Flexible Bioinformatics Personal Intelligent Pipeline Agent
基于终端Agent的面向多场景、定制化需求的生信分析工具和管线开发工作流
FlexBio-PIPA is a multi-agent system that automates the full lifecycle of bioinformatics pipeline development. A Research Orchestrator coordinates specialised sub-agents through a stage-gate workflow:
- Research Orchestrator (
ResearchOrchestratorAgent) — drives the end-to-end pipeline: requirements freeze, literature search, tool collection, benchmarking, Snakemake implementation, testing, and iterative refinement. - Plan (
PlanAgent) — set goals and decompose tasks into structured plans. - Literature Search (
LiteratureSearchAgent) — search PubMed, arXiv, and bioRxiv for relevant papers and methods. - Tool Collection (
ToolCollectionAgent) — search Bioconda, Galaxy ToolShed, and Snakemake Hub for existing tools and workflows. - Benchmark (
BenchmarkAgent) — gather benchmark results and performance comparisons for competing methods. - Workflow (
WorkflowAgent) — generate or refine Snakemake pipelines. - Build (
BuildAgent) — autonomously build custom tools/workflows when ready-made solutions are unavailable. - Test Plan (
TestPlanAgent) — design test plans with datasets and validation rules.

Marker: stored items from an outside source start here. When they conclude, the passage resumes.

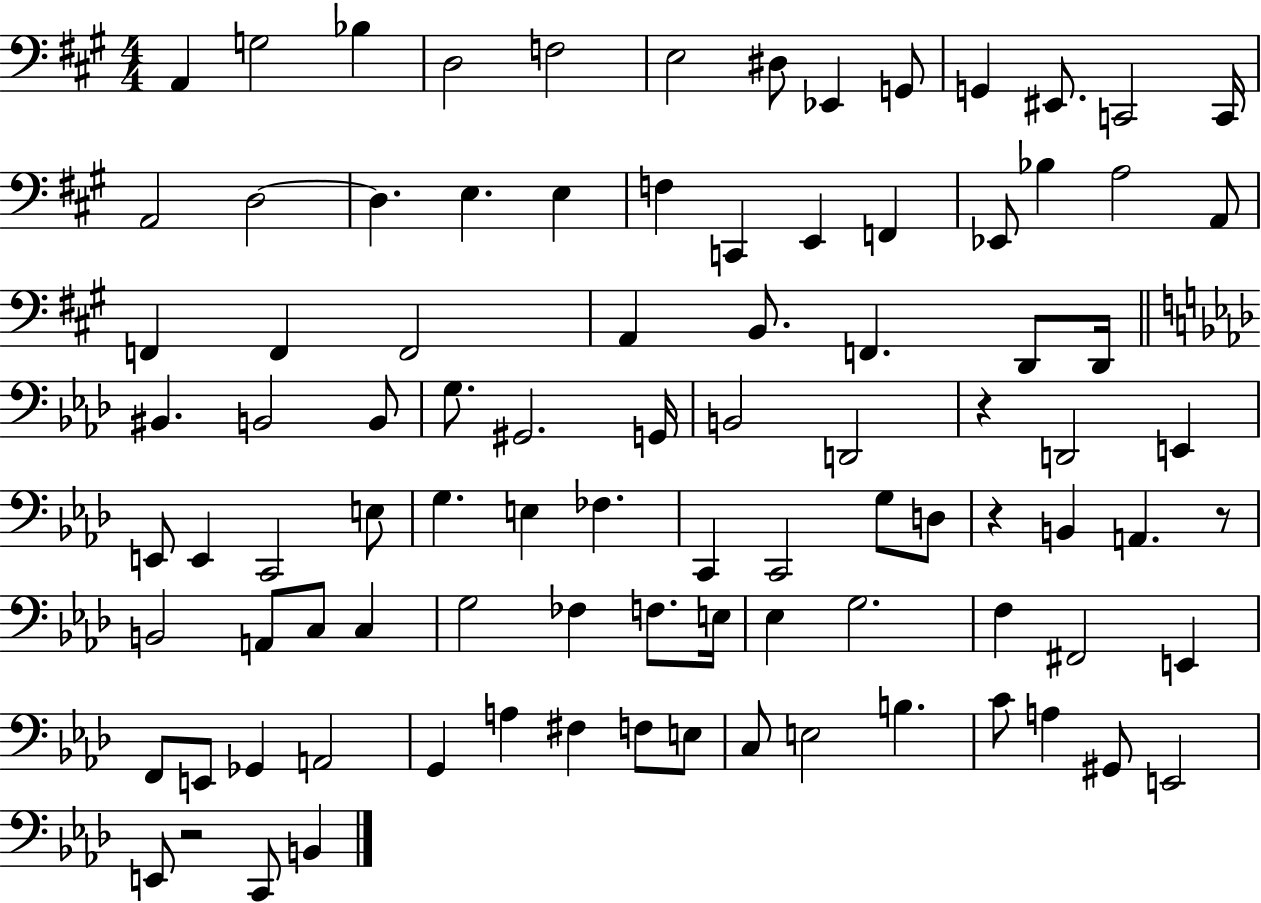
{
  \clef bass
  \numericTimeSignature
  \time 4/4
  \key a \major
  \repeat volta 2 { a,4 g2 bes4 | d2 f2 | e2 dis8 ees,4 g,8 | g,4 eis,8. c,2 c,16 | \break a,2 d2~~ | d4. e4. e4 | f4 c,4 e,4 f,4 | ees,8 bes4 a2 a,8 | \break f,4 f,4 f,2 | a,4 b,8. f,4. d,8 d,16 | \bar "||" \break \key f \minor bis,4. b,2 b,8 | g8. gis,2. g,16 | b,2 d,2 | r4 d,2 e,4 | \break e,8 e,4 c,2 e8 | g4. e4 fes4. | c,4 c,2 g8 d8 | r4 b,4 a,4. r8 | \break b,2 a,8 c8 c4 | g2 fes4 f8. e16 | ees4 g2. | f4 fis,2 e,4 | \break f,8 e,8 ges,4 a,2 | g,4 a4 fis4 f8 e8 | c8 e2 b4. | c'8 a4 gis,8 e,2 | \break e,8 r2 c,8 b,4 | } \bar "|."
}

Each agent is enhanced with curated scientific skills drawn from
K-Dense-AI/claude-scientific-skills (19 skills covering literature
databases, bioinformatics libraries, and scientific methodology). Skills
are automatically installed during project scaffolding and scoped
per-agent via permission.skill frontmatter.
The LLM backend is OpenAI API-compatible, making it usable with:
| Backend | Notes |
|---|---|
| OpenCode | Primary target (native agent support) |
| Claude Code | Theoretically compatible |
| Codex / OpenAI | Theoretically compatible |
| Any OpenAI-compatible server | e.g. Ollama, LM Studio |
pip install flexbio-pipa
# or from source:
git clone https://github.com/WatchmanGu/FlexBio-PIPA.git
cd FlexBio-PIPA
pip install -e ".[dev]"Copy the example configuration and set your API key:
cp config/config.example.yaml config/config.yaml
export OPENAI_API_KEY="your-api-key"
# or set in config/config.yamlFlexBio-PIPA can run inside any container runtime as long as the project workspace is mounted and the OpenCode-compatible LLM endpoint is reachable from inside the container.
- Mount the project directory as a writable volume so generated artifacts stay on the host.
- Mount or inject
config/config.yamland any secrets the same way you would for a local run. - Run commands from the mounted project root so
AGENTS.md,.opencode/, and the stage directories stay aligned.
<container-runtime> run --rm \
-v "$PWD:/workspace" \
-w /workspace \
-e OPENAI_API_KEY="$OPENAI_API_KEY" \
<flexbio-pipa-image> \
flexbio-pipa research-run --project-dir /workspace --task "..."- Start an OpenCode-compatible server separately, for example with
opencode serve. - Set
llm.base_urlto the reachable endpoint exposed by that runtime. - If the runtime is outside the container, replace
localhostwith the host or service name visible from the container. - Keep the project-local OpenCode layout on the mounted workspace so OpenCode
can read
AGENTS.md,.opencode/agents/,.opencode/skills/, and.opencode/tools/.
llm:
base_url: "http://<reachable-host>:4096/v1"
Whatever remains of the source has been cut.